Source records
--------------------------------------------------

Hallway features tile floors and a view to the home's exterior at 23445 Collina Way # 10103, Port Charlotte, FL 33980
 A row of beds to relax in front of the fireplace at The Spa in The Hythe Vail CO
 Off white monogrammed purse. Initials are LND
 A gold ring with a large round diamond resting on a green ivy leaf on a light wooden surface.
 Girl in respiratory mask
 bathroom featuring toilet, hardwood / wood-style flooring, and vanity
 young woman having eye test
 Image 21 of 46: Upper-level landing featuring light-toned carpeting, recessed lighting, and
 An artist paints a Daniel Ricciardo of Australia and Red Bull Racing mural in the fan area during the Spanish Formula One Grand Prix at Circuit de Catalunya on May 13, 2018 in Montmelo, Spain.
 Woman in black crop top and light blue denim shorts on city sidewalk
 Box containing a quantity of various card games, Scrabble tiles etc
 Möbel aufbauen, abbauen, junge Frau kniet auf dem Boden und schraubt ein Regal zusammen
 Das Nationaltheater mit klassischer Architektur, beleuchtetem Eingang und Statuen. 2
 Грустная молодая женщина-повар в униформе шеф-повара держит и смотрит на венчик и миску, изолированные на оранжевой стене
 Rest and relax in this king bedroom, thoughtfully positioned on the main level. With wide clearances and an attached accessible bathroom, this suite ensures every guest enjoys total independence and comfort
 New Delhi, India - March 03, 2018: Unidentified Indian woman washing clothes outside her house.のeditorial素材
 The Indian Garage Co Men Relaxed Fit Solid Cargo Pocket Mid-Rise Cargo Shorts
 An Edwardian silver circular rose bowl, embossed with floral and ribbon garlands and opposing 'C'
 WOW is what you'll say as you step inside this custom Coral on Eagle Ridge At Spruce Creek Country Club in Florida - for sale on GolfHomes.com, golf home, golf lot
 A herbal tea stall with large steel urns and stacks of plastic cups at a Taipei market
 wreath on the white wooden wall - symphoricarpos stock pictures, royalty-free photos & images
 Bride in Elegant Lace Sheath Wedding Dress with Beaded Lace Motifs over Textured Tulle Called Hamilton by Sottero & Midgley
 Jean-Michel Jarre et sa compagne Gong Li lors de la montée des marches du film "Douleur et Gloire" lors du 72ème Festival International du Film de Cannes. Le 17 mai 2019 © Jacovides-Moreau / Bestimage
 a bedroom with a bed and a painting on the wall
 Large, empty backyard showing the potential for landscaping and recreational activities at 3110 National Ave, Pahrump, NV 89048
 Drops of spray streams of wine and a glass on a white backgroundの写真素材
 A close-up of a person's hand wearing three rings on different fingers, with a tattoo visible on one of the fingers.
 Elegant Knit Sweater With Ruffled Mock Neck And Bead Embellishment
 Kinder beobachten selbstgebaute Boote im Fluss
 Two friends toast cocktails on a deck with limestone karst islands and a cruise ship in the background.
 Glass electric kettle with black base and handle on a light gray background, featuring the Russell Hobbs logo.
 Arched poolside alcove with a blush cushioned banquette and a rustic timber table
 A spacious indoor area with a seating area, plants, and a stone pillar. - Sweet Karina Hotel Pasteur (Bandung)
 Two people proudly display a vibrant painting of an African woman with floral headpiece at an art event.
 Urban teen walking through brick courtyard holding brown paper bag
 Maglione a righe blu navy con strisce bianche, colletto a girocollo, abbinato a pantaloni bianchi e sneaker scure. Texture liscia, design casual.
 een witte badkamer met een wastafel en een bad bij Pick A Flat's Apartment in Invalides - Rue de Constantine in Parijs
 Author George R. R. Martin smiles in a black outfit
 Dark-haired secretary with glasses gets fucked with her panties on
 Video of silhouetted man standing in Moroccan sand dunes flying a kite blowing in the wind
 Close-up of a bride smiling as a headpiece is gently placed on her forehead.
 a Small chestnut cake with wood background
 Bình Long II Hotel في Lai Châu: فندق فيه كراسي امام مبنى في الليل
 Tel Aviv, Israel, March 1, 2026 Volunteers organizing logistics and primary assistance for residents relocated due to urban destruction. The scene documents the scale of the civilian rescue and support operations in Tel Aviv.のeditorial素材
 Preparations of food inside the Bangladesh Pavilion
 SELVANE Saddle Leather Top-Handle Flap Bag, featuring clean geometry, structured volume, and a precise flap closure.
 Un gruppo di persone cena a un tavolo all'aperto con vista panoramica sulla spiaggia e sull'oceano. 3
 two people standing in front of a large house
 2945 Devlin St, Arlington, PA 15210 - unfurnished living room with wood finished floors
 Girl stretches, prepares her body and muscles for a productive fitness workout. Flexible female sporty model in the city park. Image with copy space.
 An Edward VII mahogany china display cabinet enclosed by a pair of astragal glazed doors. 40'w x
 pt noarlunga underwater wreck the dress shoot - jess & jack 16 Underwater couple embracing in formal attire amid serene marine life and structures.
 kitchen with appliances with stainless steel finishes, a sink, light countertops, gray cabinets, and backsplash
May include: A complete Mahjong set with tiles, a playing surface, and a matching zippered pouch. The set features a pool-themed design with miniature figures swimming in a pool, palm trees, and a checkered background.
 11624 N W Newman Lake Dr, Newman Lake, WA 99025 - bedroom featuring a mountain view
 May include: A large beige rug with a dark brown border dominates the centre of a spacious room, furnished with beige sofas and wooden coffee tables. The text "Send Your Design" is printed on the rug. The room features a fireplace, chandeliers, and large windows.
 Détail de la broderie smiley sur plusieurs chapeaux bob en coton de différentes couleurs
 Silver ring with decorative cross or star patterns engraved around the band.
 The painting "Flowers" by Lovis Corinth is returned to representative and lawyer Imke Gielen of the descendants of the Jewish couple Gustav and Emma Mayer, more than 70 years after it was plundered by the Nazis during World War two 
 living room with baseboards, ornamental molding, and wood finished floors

--------------------------------------------------

EXERCISE:
The entries above must be returned exactly.

YOUR RESPONSE:
Hallway features tile floors and a view to the home's exterior at 23445 Collina Way # 10103, Port Charlotte, FL 33980
 A row of beds to relax in front of the fireplace at The Spa in The Hythe Vail CO
 Off white monogrammed purse. Initials are LND
 A gold ring with a large round diamond resting on a green ivy leaf on a light wooden surface.
 Girl in respiratory mask
 bathroom featuring toilet, hardwood / wood-style flooring, and vanity
 young woman having eye test
 Image 21 of 46: Upper-level landing featuring light-toned carpeting, recessed lighting, and
 An artist paints a Daniel Ricciardo of Australia and Red Bull Racing mural in the fan area during the Spanish Formula One Grand Prix at Circuit de Catalunya on May 13, 2018 in Montmelo, Spain.
 Woman in black crop top and light blue denim shorts on city sidewalk
 Box containing a quantity of various card games, Scrabble tiles etc
 Möbel aufbauen, abbauen, junge Frau kniet auf dem Boden und schraubt ein Regal zusammen
 Das Nationaltheater mit klassischer Architektur, beleuchtetem Eingang und Statuen. 2
 Грустная молодая женщина-повар в униформе шеф-повара держит и смотрит на венчик и миску, изолированные на оранжевой стене
 Rest and relax in this king bedroom, thoughtfully positioned on the main level. With wide clearances and an attached accessible bathroom, this suite ensures every guest enjoys total independence and comfort
 New Delhi, India - March 03, 2018: Unidentified Indian woman washing clothes outside her house.のeditorial素材
 The Indian Garage Co Men Relaxed Fit Solid Cargo Pocket Mid-Rise Cargo Shorts
 An Edwardian silver circular rose bowl, embossed with floral and ribbon garlands and opposing 'C'
 WOW is what you'll say as you step inside this custom Coral on Eagle Ridge At Spruce Creek Country Club in Florida - for sale on GolfHomes.com, golf home, golf lot
 A herbal tea stall with large steel urns and stacks of plastic cups at a Taipei market
 wreath on the white wooden wall - symphoricarpos stock pictures, royalty-free photos & images
 Bride in Elegant Lace Sheath Wedding Dress with Beaded Lace Motifs over Textured Tulle Called Hamilton by Sottero & Midgley
 Jean-Michel Jarre et sa compagne Gong Li lors de la montée des marches du film "Douleur et Gloire" lors du 72ème Festival International du Film de Cannes. Le 17 mai 2019 © Jacovides-Moreau / Bestimage
 a bedroom with a bed and a painting on the wall
 Large, empty backyard showing the potential for landscaping and recreational activities at 3110 National Ave, Pahrump, NV 89048
 Drops of spray streams of wine and a glass on a white backgroundの写真素材
 A close-up of a person's hand wearing three rings on different fingers, with a tattoo visible on one of the fingers.
 Elegant Knit Sweater With Ruffled Mock Neck And Bead Embellishment
 Kinder beobachten selbstgebaute Boote im Fluss
 Two friends toast cocktails on a deck with limestone karst islands and a cruise ship in the background.
 Glass electric kettle with black base and handle on a light gray background, featuring the Russell Hobbs logo.
 Arched poolside alcove with a blush cushioned banquette and a rustic timber table
 A spacious indoor area with a seating area, plants, and a stone pillar. - Sweet Karina Hotel Pasteur (Bandung)
 Two people proudly display a vibrant painting of an African woman with floral headpiece at an art event.
 Urban teen walking through brick courtyard holding brown paper bag
 Maglione a righe blu navy con strisce bianche, colletto a girocollo, abbinato a pantaloni bianchi e sneaker scure. Texture liscia, design casual.
 een witte badkamer met een wastafel en een bad bij Pick A Flat's Apartment in Invalides - Rue de Constantine in Parijs
 Author George R. R. Martin smiles in a black outfit
 Dark-haired secretary with glasses gets fucked with her panties on
 Video of silhouetted man standing in Moroccan sand dunes flying a kite blowing in the wind
 Close-up of a bride smiling as a headpiece is gently placed on her forehead.
 a Small chestnut cake with wood background
 Bình Long II Hotel في Lai Châu: فندق فيه كراسي امام مبنى في الليل
 Tel Aviv, Israel, March 1, 2026 Volunteers organizing logistics and primary assistance for residents relocated due to urban destruction. The scene documents the scale of the civilian rescue and support operations in Tel Aviv.のeditorial素材
 Preparations of food inside the Bangladesh Pavilion
 SELVANE Saddle Leather Top-Handle Flap Bag, featuring clean geometry, structured volume, and a precise flap closure.
 Un gruppo di persone cena a un tavolo all'aperto con vista panoramica sulla spiaggia e sull'oceano. 3
 two people standing in front of a large house
 2945 Devlin St, Arlington, PA 15210 - unfurnished living room with wood finished floors
 Girl stretches, prepares her body and muscles for a productive fitness workout. Flexible female sporty model in the city park. Image with copy space.
 An Edward VII mahogany china display cabinet enclosed by a pair of astragal glazed doors. 40'w x
 pt noarlunga underwater wreck the dress shoot - jess & jack 16 Underwater couple embracing in formal attire amid serene marine life and structures.
 kitchen with appliances with stainless steel finishes, a sink, light countertops, gray cabinets, and backsplash
May include: A complete Mahjong set with tiles, a playing surface, and a matching zippered pouch. The set features a pool-themed design with miniature figures swimming in a pool, palm trees, and a checkered background.
 11624 N W Newman Lake Dr, Newman Lake, WA 99025 - bedroom featuring a mountain view
 May include: A large beige rug with a dark brown border dominates the centre of a spacious room, furnished with beige sofas and wooden coffee tables. The text "Send Your Design" is printed on the rug. The room features a fireplace, chandeliers, and large windows.
 Détail de la broderie smiley sur plusieurs chapeaux bob en coton de différentes couleurs
 Silver ring with decorative cross or star patterns engraved around the band.
 The painting "Flowers" by Lovis Corinth is returned to representative and lawyer Imke Gielen of the descendants of the Jewish couple Gustav and Emma Mayer, more than 70 years after it was plundered by the Nazis during World War two 
 living room with baseboards, ornamental molding, and wood finished floors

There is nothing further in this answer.